Un appétit démesuré

On ne va pas pouvoir en mourir tout de suite. L’idée est séduisante, mais on n’a pas le temps.
Ou bien non. Ça n’a pas tellement d’importance. On ne voit rien au loin. Mais ça n’empêche pas de tracer le chemin.
Une sorte de frein ? Non. Plutôt l’occasion de tout mettre à l’envers. Au moins cela permet de voir ce qu’il y a au fond. Il serait fatigant d’en être dégoûté.
Je chamboule tout ce qu’il y a à chambouler. Je ne veux rien garder de ce qu’il y avait.
Ne me faites pas rire, avec vos descriptions, vos manipulations, et vos annulations. Tous les cris de victoire resteront dérisoires.
Imaginer la vie dépourvue de contours… Le vaste, le délié… Le champ illimité…
Ça ne fait pas de bruit, cela vient par derrière, mais ça peut procurer de belles justifications. Du moins si on oublie parfois d’en abuser.
Mais à ce niveau-là l’idée même de l’ordre serait à négliger… On voit bien qu’il n’y a pas moyen d’en juger sans avoir essayé.
Oh ! Le cul si joli plongé dans la soupière… Enfin cracher sur le passé, en faire du nougat, et puis se délecter de cette inconséquence… Le charmant passe-temps qu’on s’est inventé là.
Le trouble nébuleux, toujours en train de faire des trous dans la matière. On ne peut pas décrire un si joli navire. On ne peut qu’essayer de se représenter à l’échelle du fleuve.
On voit plus loin que le plus loin, mais ce n’est pas pour ça qu’on en est effrayé. C’est plutôt qu’il faudrait tâcher de satisfaire un appétit démesuré, et que de temps en temps ça semble difficile. Surtout quand il faut dire adieu à ce qu’on aime. Surtout quand on comprend qu’il faut abandonner ce que l’on préférait. Quand on doit se décrire en lettres invisibles.

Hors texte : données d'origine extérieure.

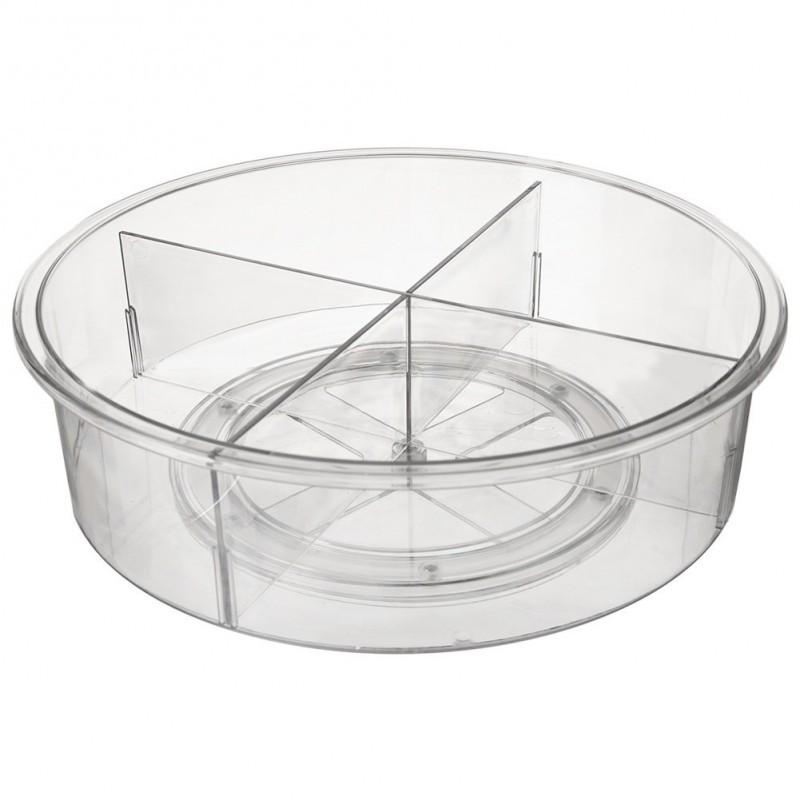 Pöörlev korraldaja konteiner, jagatud, 30 cm | FreshDesign.ee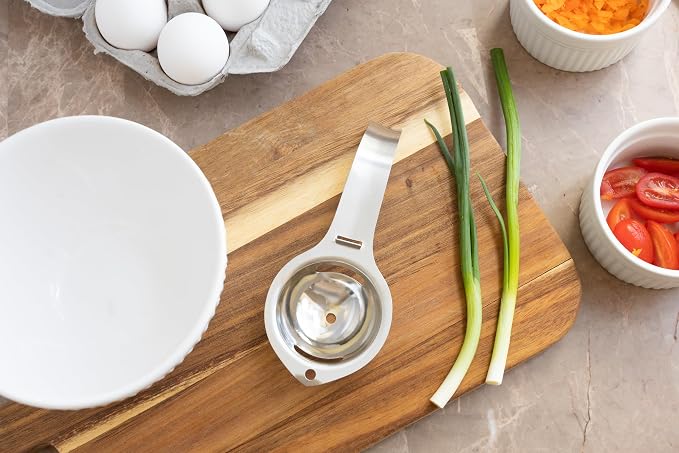 Fox Run Stainless Steel Egg Yolk Separator - Image 3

« S’il faut se reconstruire, que ce soit dans la joie », dit-on, mais quelquefois la joie n’est pas de mise… On imagine des chagrins là où il n’y a rien. Et le sol se dérobe à force d’y songer…
Oh ! J’aimais je le crois plonger et replonger dans tes douces moiteurs… Mais il fallait aussi que jeunesse trépasse. Que le temps assassin me force à t’oublier. Et moi j’aurais voulu pouvoir te protéger… T’environner d’amour, te bichonner et te choyer…
Inévitablement on est sorti de là avec le cœur en larmes. Ce qu’on avait aimé soudain s’est retrouvé privé de son soutien. On avait dit « je t’aime », mais on avait omis d’apporter son manger, son linge personnel. On s’était inventé une autre destinée.
Ce n’est pas tellement qu’on voulait se détruire. C’est qu’il y avait le monde entier à découvrir. Lors on s’est enivré de culpabilité… On a tout essayé pour être pardonné… Peine perdue. L’histoire venait de s’arrêter. Ce qu’on avait rêvé n’arriverait jamais. Il fallait effacer les traces du passé. Dissimuler le drame, en faire une jolie chanson… Tout plutôt qu’avouer qu’on était venu là en simple visiteur.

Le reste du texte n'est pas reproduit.